Nu ik mijn lezers vorige week uitgenodigd heb eerst zelf de Kogi boodschap te beluisteren, zal ik hem hier samenvatten voor hen die niet in de gelegenheid waren mijn vorige blog en de Kogi video te bekijken. De Kogi is een stam in Noord Colombia, die door de eeuwen heen hun eigen cultuur bewaard heeft en Aluna, De Grote Moeder, vereert. Meer hierover in mijn vorige blog. Zij hebben een boodschap van haar doorgekregen, waarin De Grote Moeder de mensheid waarschuwt dat ze veel pijn en verdriet ervaart van wat de mensheid haar aandoet. In feite is ze ziek. Tot nu toe heeft ze desondanks de mensheid ondersteund en gevoed (ik ben inderdaad verwonderd en dankbaar dat ze ons maar blijft voeden, terwijl we op uiterst destructieve wijze met haar omgaan.). Maar nu is de maat vol. Ze wil zichzelf helen en zal dat ook doen, maar doet dat liefst samen met de mensheid, haar kinderen zoals ze zegt. Maar als de mensheid niet voor juni 2024 haar intentie en gedrag ten aanzien van haar fundamenteel verandert, zal ze vanaf die datum haar handen van ons aftrekken en staat ons de komende twee jaar een catastrofe te wachten die uiteindelijk zal uitlopen op ons uitsterven. Voor de volledige boodschap zie YouTube of https://thefountain.earth/mother/. (Deze boodschap doet denken aan de sombere profetieën van de profeten in het Oude Testament; alleen gingen die niet over de aarde als geheel. Aan die waarschuwingen werd weinig gevolg gegeven, weshalve die profetieën in het algemeen vervuld werden).

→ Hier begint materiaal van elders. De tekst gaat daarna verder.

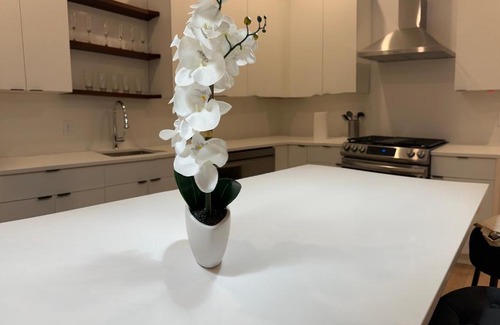 Hackensack River Waterfront Apartment | Modern, New 3 bed, 2 bath Apt near Manhattan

Wat moeten we nu met zo’n boodschap? We kunnen hem natuurlijk ter zijde leggen. Daarvoor hebben we verschillende argumenten, zoals: bestaat De Grote Moeder wel? En zo ja, is deze boodschap echt door haar zelf doorgegeven of is het een verbeelding van de priesters van de stam? En is het wel waarschijnlijk dat we al binnen twee jaar op zo’n ramp uitlopen? Dat weten we natuurlijk niet, maar wat voor de echtheid van de boodschap pleit is dat eenzelfde waarschuwing komt van vele kanten: van andere inheemse stammen, van buitenaardse wezens (volgens vele getuigen), en van heel andere zijde: 1500 experts, CEO’s, politici en wetenschappers, die binnen twee jaar een wereldwijde catastrofe voorspellen (Global Risk Rapport van het World Economic Forum, waarover volgende week meer), en van Maarten Loonen, wetenschapper van de Universiteit Groningen en expert op het gebied van de klimaatontwikkeling op Spitsbergen, die twee weken geleden in Buitenhof bijna in tranen was (https://www.youtube.com/watch?v=i-VmsK4v3Ug).

Als we dit alles tot ons door laten dringen zijn er in principe twee reacties mogelijk: wanhoop, machteloosheid of apathie, of je gevoelens van pijn toelaten en je realiseren dat deze gevoelens voortkomen uit liefde: voor jezelf, je naasten, de mensheid, de natuur en Gaia als geheel. Hieruit kunnen weer allerlei gedragingen voortkomen, zoals belangeloze vriendelijkheid. Over een paar weken ga ik dieper in op de vraag hoe we met de narigheid in de wereld kunnen omgaan.